A: I was a session drummer for a friend of mine who was an indie songwriter, back in my home state of Michigan. We played 3 shows one summer in 2010. He gave me 3 weeks to learn 2 EP's worth of songs before the first gig. That was my first session gig.
Q: What are you working on at the moment?
A: My first full length album, under the moniker KRONA.
Q: Is there anyone on SoundBetter you know and would recommend to your clients?
Q: Analog or digital and why?
A: Digital. Adapt or die. Digital is the way of the future. Now, I can produce professional-grade music out of my home instead of investing thousands and thousands on bulky analog gear and a space to store it. Evolution is inevitable.
Q: What's your 'promise' to your clients?
A: I will give you the entirety of my talent, passion, and work ethic. I will work until your song is exactly what you had envisioned. I will never stop learning and researching new techniques in order to bring out the best of your performance.
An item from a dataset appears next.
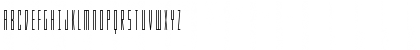Phantacon Condensed Condensed Font Phantacon Condensed Condensed Font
We're in this together.
Q: What do you like most about your job?
A: The endless possibilities.
Q: What questions do customers most commonly ask you? What's your answer?
A: I haven't had any yet.
Q: What's the biggest misconception about what you do?
A: That you can't make a living unless you are producing for Kanye West or Taylor Swift.
Q: What questions do you ask prospective clients?
A: - What they want done - When their deadline is - Why they want their song to sound a certain way - What their biggest influences are - What got them into music - Where they hope to go
Q: What advice do you have for a customer looking to hire a provider like you?
A: Find a producer that gels with the genre your project fits within. They should understand what you want out them. Be direct and clear. It's your career and money on the line. Make sure you like them. If you don't look forward to the weekly follow-ups and progress reports, it's not worth it in my eyes.
Q: If you were on a desert island and could take just 5 pieces of gear, what would they be?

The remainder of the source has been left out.